Rodrigo y Gabriela burst onto the consciousness of the live music world in 2006 with their groundbreaking self-titled album Rodrigo y Gabriela. The reptile on the cover of the album could only hope to be as menacing as the music held within. Sure, this planet has seen quite a few guitar duos, but up until that point there was nothing like the raw fury of Rodrigo y Gabriela. And frankly, there is still nothing that quite hits the level of lightning fast virtuosity that they’ve achieved.
So it came as quite a revelation when it was revealed that the duo had shaken things up and gotten together with a full, 13-piece Cuban orchestra to record Area 52, a concept album if there ever was one. And, simply put, this album is a stroke of pure brilliance that’s rare is the world of music. As an album reviewer, I don’t like to assign stars or a number rating to albums because I hate the inevitable cross-album comparison of scores. But in the case of Area 52, this is one album where I feel comfortable assigning it a 10/10, or 5 stars, or two thumbs up, or whatever not-so-clever rating indicates an utterly perfect score. This album does no wrong; it is an absolute masterpiece.
The most striking part about the album is that it’s all familiar material (all nine tracks appeared on either Rodrigo y Gabriela or 11:11) but it’s all re-organized, re-composed, re-mixed, and completely re-invented. If the original versions had “power,” “teeth,” or “grit,” the new versions all have “flair,” “color,” or “grace.” Take the opening track, “Santo Domingo” for example, which came in the middle of 11:11, but was given the opening position on Area 52 due to its brand new opening composition. Where the now stripped down, duo version of the song is almost haunting, the new version’s horns cheers the song up, the string section lends a sensations of weightlessness, and the addition of piano adds a fresh danceability. Whereas the old version might just make you wanna beat hooves around a primal bonfire, the new version invokes imagery of a high class soiree, with people dressed to the nines performing highly choreographed latin ballroom dancing. The way this song is completely transformed and filled out in every sliver of the sound spectrum carries across the board for each track. It’s like each song’s original version is a rough charcoal sketch, full of raw emotion, but on Area 52 each of those black and white sketches has been painted over in full color, with every subtle charcoal line illuminated by the flourish of a brightly colored paintbrush.
There is really no amount of praise that could be superlative in the case of Area 52. It’s without question in the lead for album of 2012 (on my personal list) and I’d be shocked of this doesn’t pick up steam again during the next Grammy cycle.
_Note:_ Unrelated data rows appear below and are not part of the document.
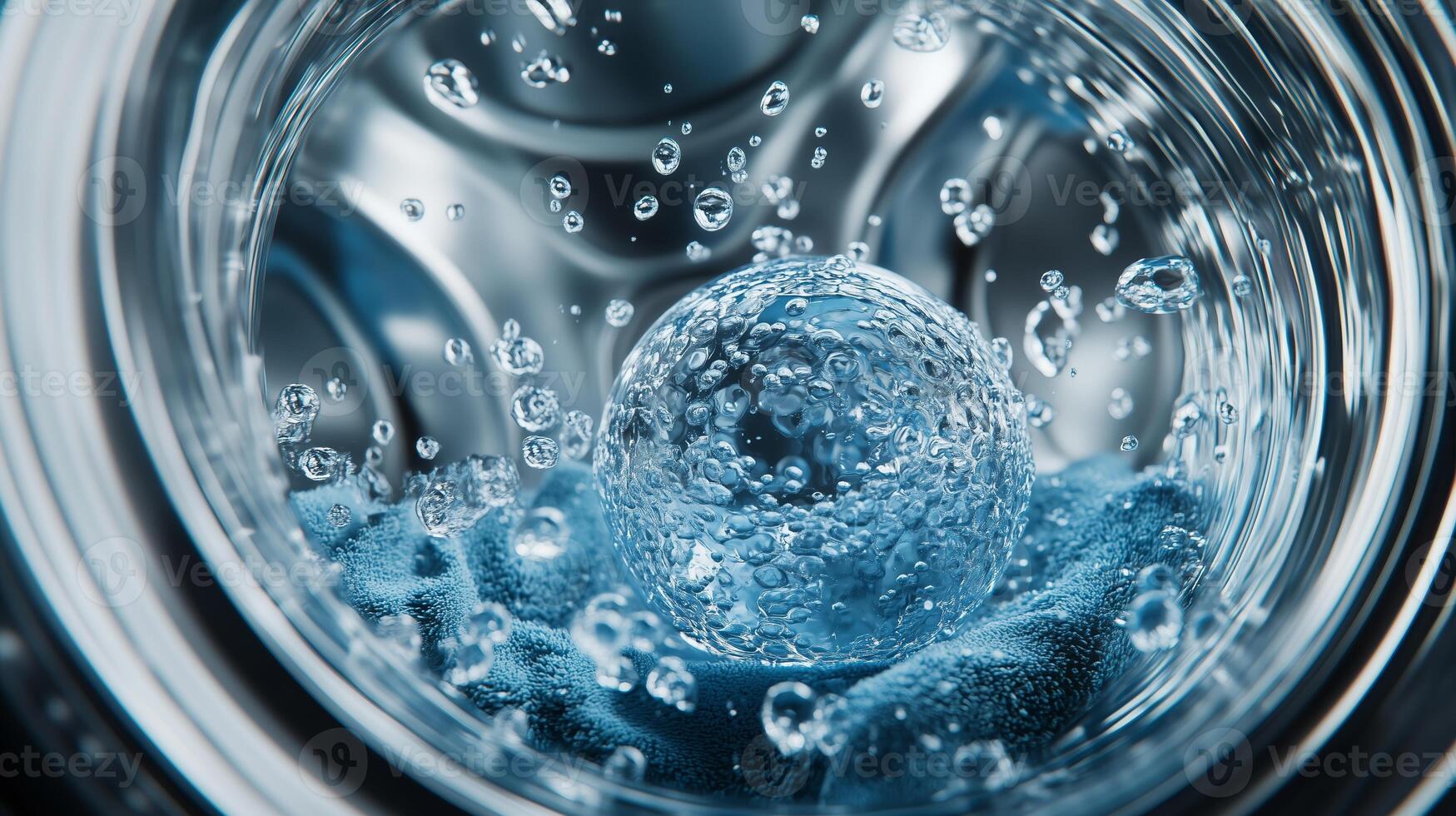 Bubbles and water swirl around a blue cloth in a washing machine during a spin cycle photo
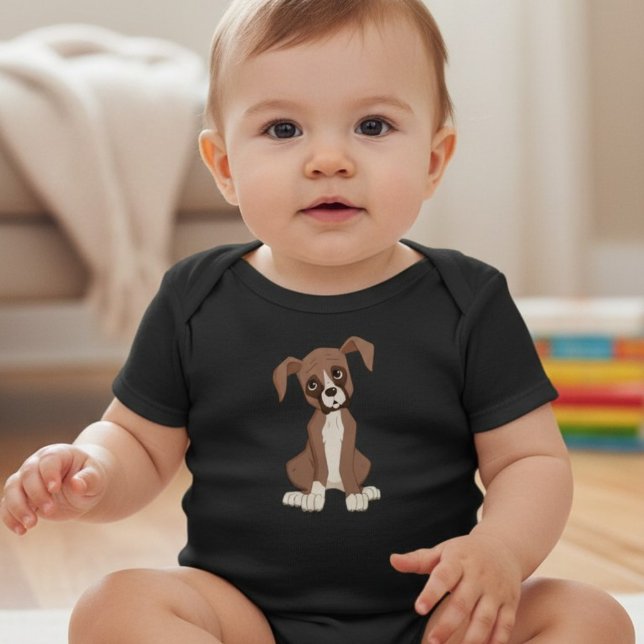 Boxer Welpe Baby Strampler (A baby wearing a cartoon boxer puppy portrait onesie in black, perfect for dog loving families.)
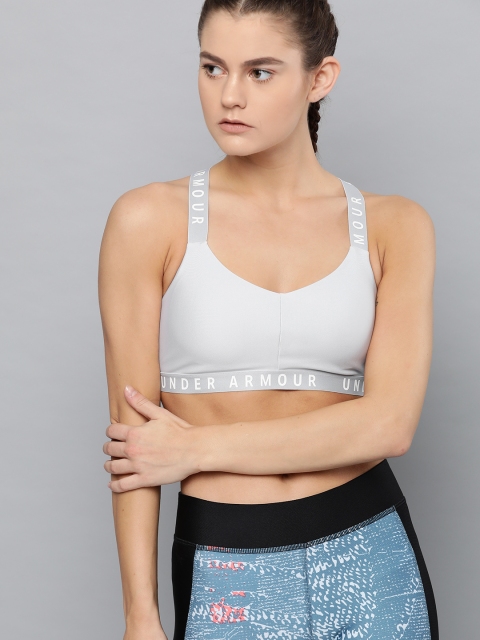 

UNDER ARMOUR Grey Worldmark Strappy Sportlette Bra 1325613-014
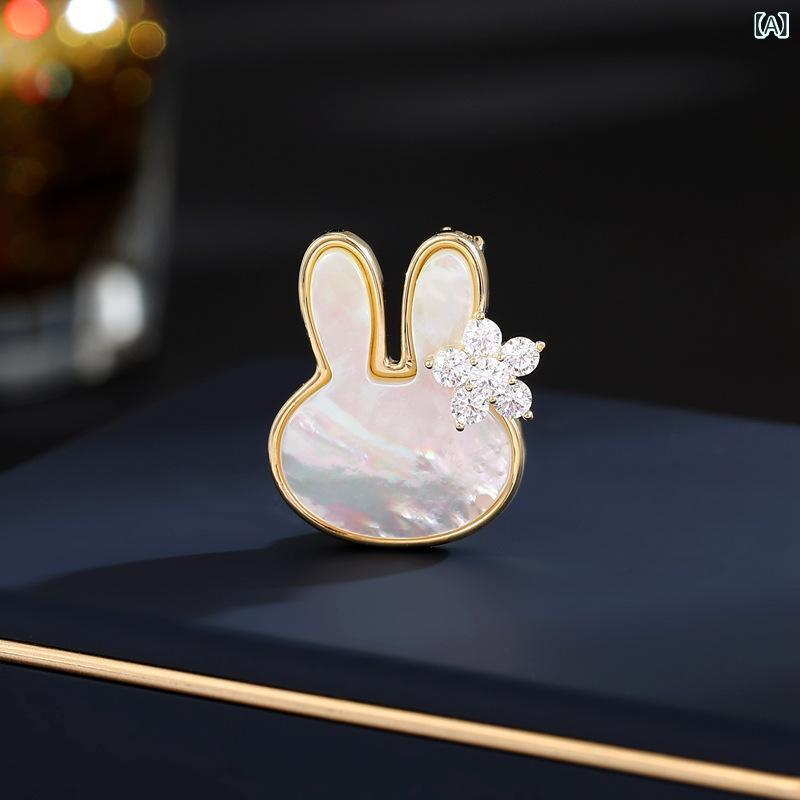Other - ブローチ レディース かわいい うさぎ 動物モチーフ 天然 貝殻 銅製 装飾 多機能 固定 服用 ピンク 白 夏 ナチュラル 甘美 アクセサリー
But it’s picking up some steam in Chicago this week thanks to Jam Productions bringing them to the Chicago Theatre for a one night only performance. The full C.U.B.A. outfit will be joining Rodrigo y Gabriela on stage and the early reports are that this show is as incredible as the album suggests. They’ve made the late nite talk show circuit to show off their new project, in addition to selling out every stop of their North American tour thus far. Tickets to the show at Chicago Theatre sold out in a matter of days after being released, so you can understand the gravity behind a show like this. If you got a ticket to see this, you are truly lucky. This will undoubtedly be a highlight concert of the entire year in Chicago: shows like this are what makes the live music scene in Chicago so special.